Learning about the difference between banks and credit unions.

July 26, 2015

erin_doan_agency 031514Good Neighbor Tips from Erin Doan, State Farm Insurance, Scottville,www.erindoan.com.

Banks and credit unions may seem very similar, but these two financial institutions serve customers in slightly different ways. Know the difference between banks and credit unions so that you can determine which works better for your needs.

What Is a Credit Union?

A credit union is a nonprofit, member-owned cooperative that provides financial services to its members. Credit unions focus on saving and borrowing, but they may offer other common banking services.

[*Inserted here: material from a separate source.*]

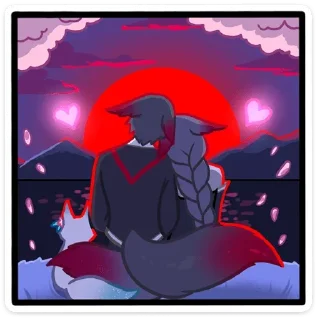 Sticker Создать стикеры @StickerEdit_bot - 8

Credit union membership is based on a certain field. These membership fields can be occupational, associational or geographical. If you qualify, your first deposit also counts as your first purchased share. This makes you a member and partial owner of the credit union.

You might choose a credit union if:

  • You or a family member qualifies for the field of membership.
  • The rates and fees are better for your budget.
  • Your financial needs are relatively basic. Not all credit unions offer advanced financial planning or online financial tools.

What Is a Bank?

A bank is a commercial entity that offers deposits, withdrawals, savings and loans. Banks generally have bigger budgets, as they are for-profit entities. This allows banks to offer more conveniences, such as multiple ATM locations. Banks do not require membership, though some require a minimum balance to have an account.

You might choose a bank if:

  • You prefer mobile and online banking. These services are not always available through credit unions.
  • Your financial needs are complex. For example, if active investing is your passion, a credit union may not have the resources you need.